REPUBLIKA.CO.ID, JAKARTA -- Musim kemarau basah tidak membuat kebakaran hutan dan lahan di Sumatra serta Kalimantan berkurang. Hal ini akibat masih adanya pembakaran dengan sengaja untuk pembukaan kebun dan pertanian, baik lahan di konsensi maupun lahan milik masyarakat.
Satelit MODIS dengan sensor Terra Aqua milik NASA mendeteksi 260 titik panas (hotspot) di Indonesia, di mana 80 titik panas di Kalimantan Barat dan 66 titik panas di Kalimantan Tengah. Jumlah titk panas ini jauh lebih sedikit dibandingkan pola titik panas normal.

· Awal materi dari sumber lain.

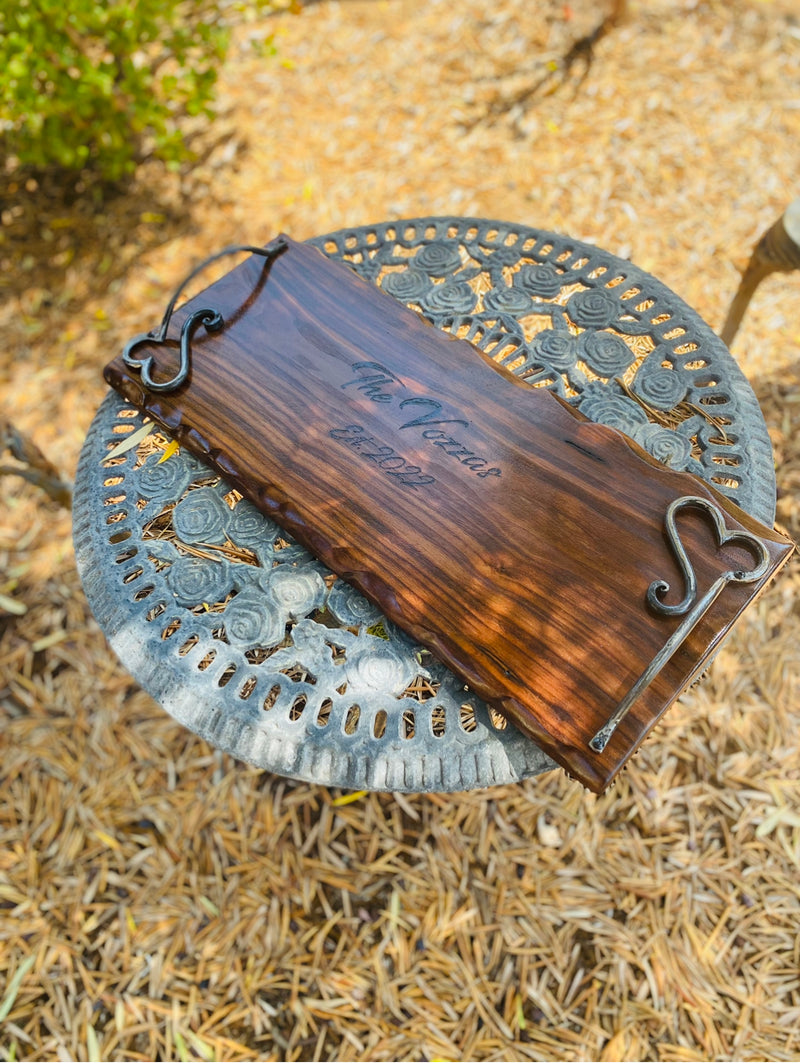 Charcuterie Board, 24” long, Serving Tray, Meat and Cheese Board, Large Charcuterie with Handles & Non-Slip Feet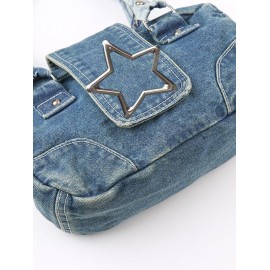 Women's Retro Metal Star Decorated Dual Handle Denim Shoulder Bag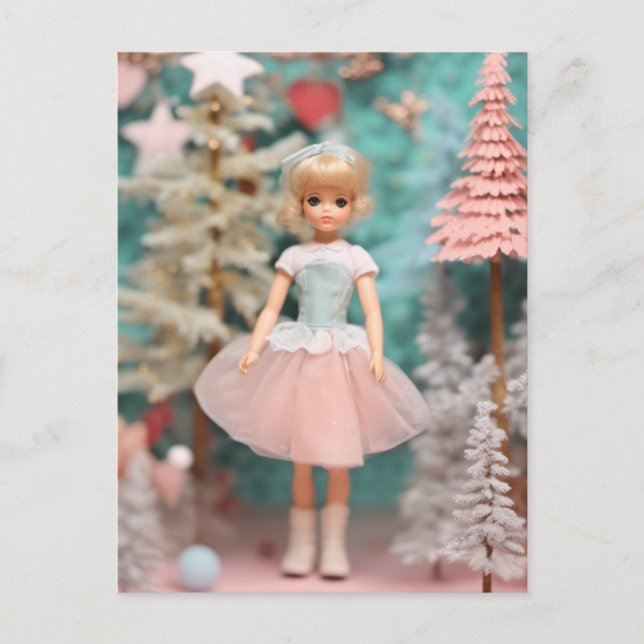 Cartão Postal Bonita Blona Pastel Retro Boneca de Natal (Frente)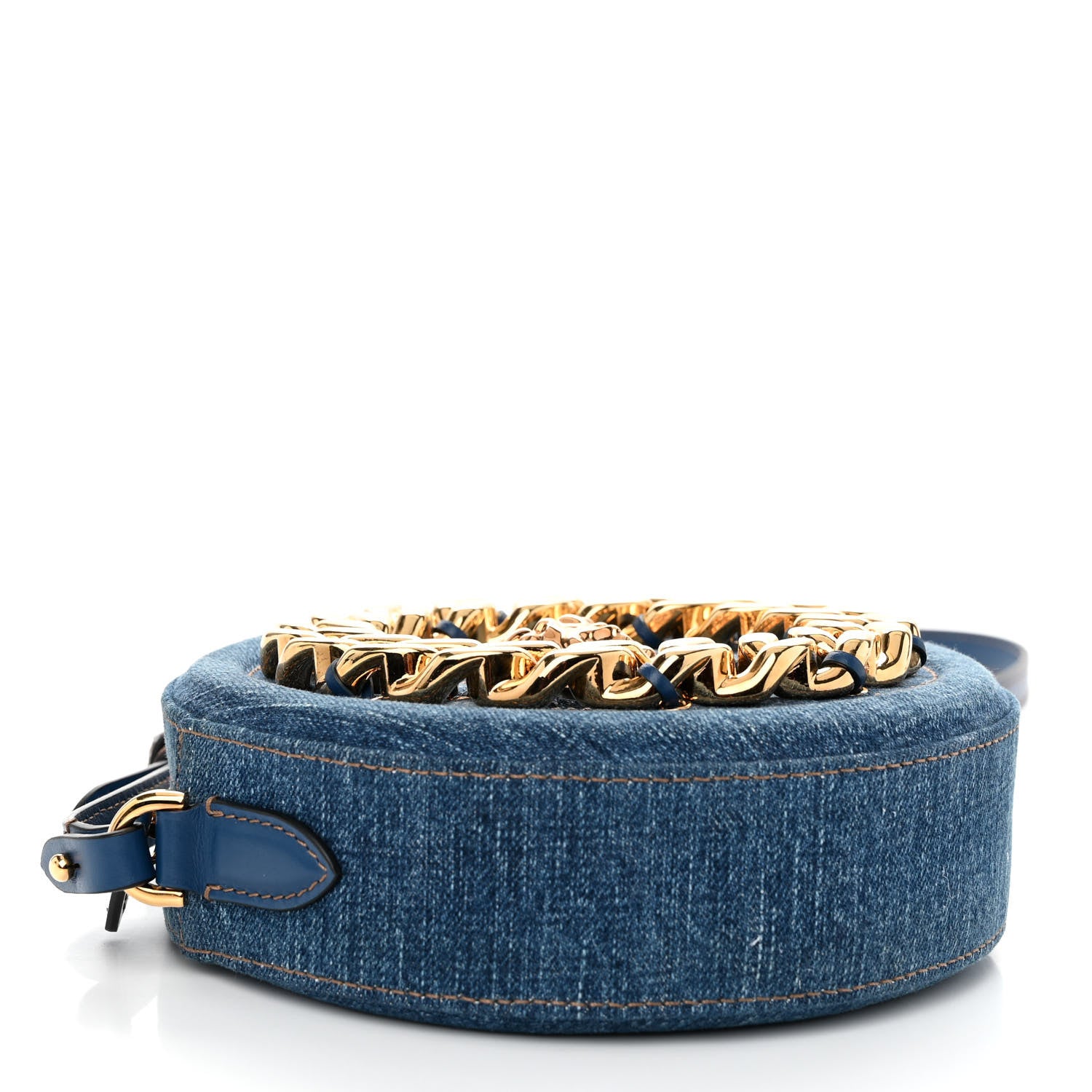 Versace Denim Mini La Medusa Chain Round Crossbody Bag Navy Blue 4 of 9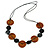 Brown/ Black Coin Shape Shell Bead Cord Necklace - 76cm L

"Memang tidak mungkin menihilkan hotspot di seluruh wilayah Indonesia selama setahun karena terkait dengan perilaku dan kebiasaan membakar, baik di lahan gambut maupun mineral," ujar Kepala Pusat Data Informasi dan Humas BNPB Sutopo Purwo Nugroho, Kamis (15/9).

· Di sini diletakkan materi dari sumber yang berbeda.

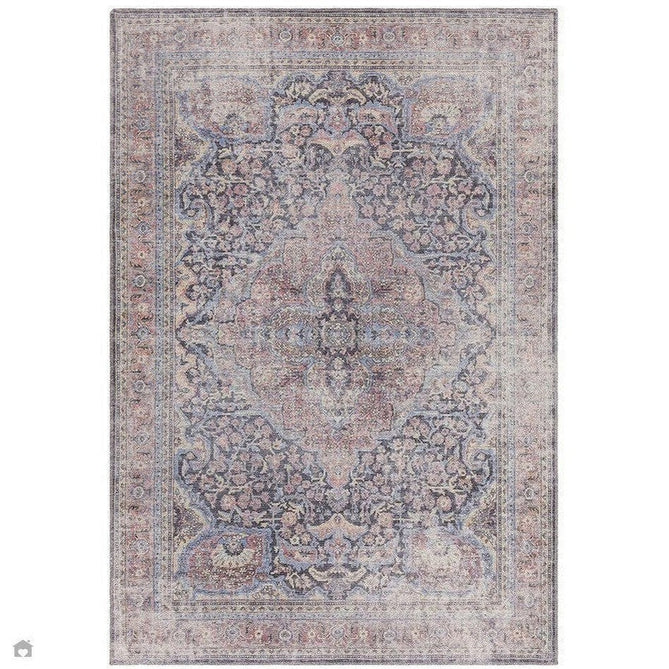 Washable Kaya Rana KY11 Traditional Persian Vintage Distressed Floral Durable Chenille Polyester Flatweave Red/Blue/Multicolourcolour Rug-Asiatic Carpets-Rug Love - The Most Loved Rug Store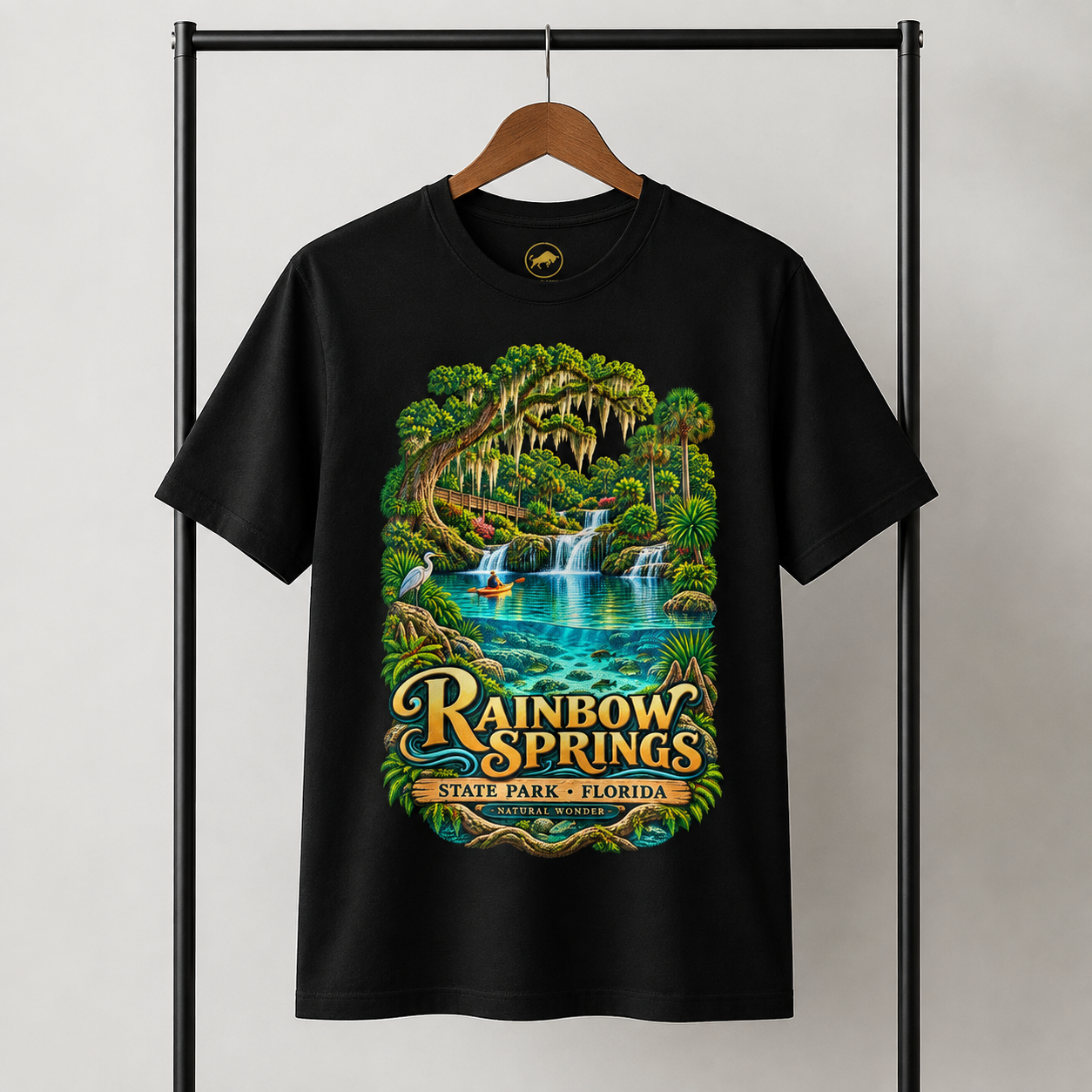 Rainbow Springs State Park Shirt, Florida Waterfall Nature Tee, Retro Kayaking Souvenir.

September adalah puncak musim kemarau yang umumnya diikuti dengan meningkatnya jumlah hotspot. Cuaca yang kering menyebabkan hutan dan lahan mudah dibakar.

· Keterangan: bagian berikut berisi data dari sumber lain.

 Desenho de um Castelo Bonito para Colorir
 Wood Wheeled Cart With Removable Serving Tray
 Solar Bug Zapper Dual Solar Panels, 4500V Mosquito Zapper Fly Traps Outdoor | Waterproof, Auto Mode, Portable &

Secara umum, jumlah titik panas hingga September 2016 ada penurunan 60 persen dibandingkan jumlah titik panas tahun 2015. Kebakaran hutan dan lahan tahun 2015 adalah bencana asap yang paling besar karena membakar 2,61 juta hektare hutan dan lahan serta menyebabkan kerugian ekonomi Rp 221 triliun rupiah.
Luas hutan dan lahan yang terbakar serta dampak kerugian ekonomi yang terjadi pada tahun 2016 ini belum dilakukan perhitungan. "Yang pasti luas dan kerugian ekonomi jauh lebih kecil dibandingkan tahun 2015 lalu," kata dia.
Strategi untuk mengatasi kebakaran hutan dan lahan dilakukan melalui operasi darat dan operasi udara. Operasi pemadaman di darat dikerahkan 22.107 personel gabungan dari TNI, Polri, BNPB, BPBD, Manggala Agni, Damkar dan Masyarakat Peduli Api. Sebaran personel satgas darat ini adalah Riau (3.849 personel), Jambi 5.209 personel, Sumatera Selatan 5.619 personel, Kalimantan Barat 2.492 personel, Kalimantan Tengah 2.363 personel dan Kalimantan Selatan 2.575 personel.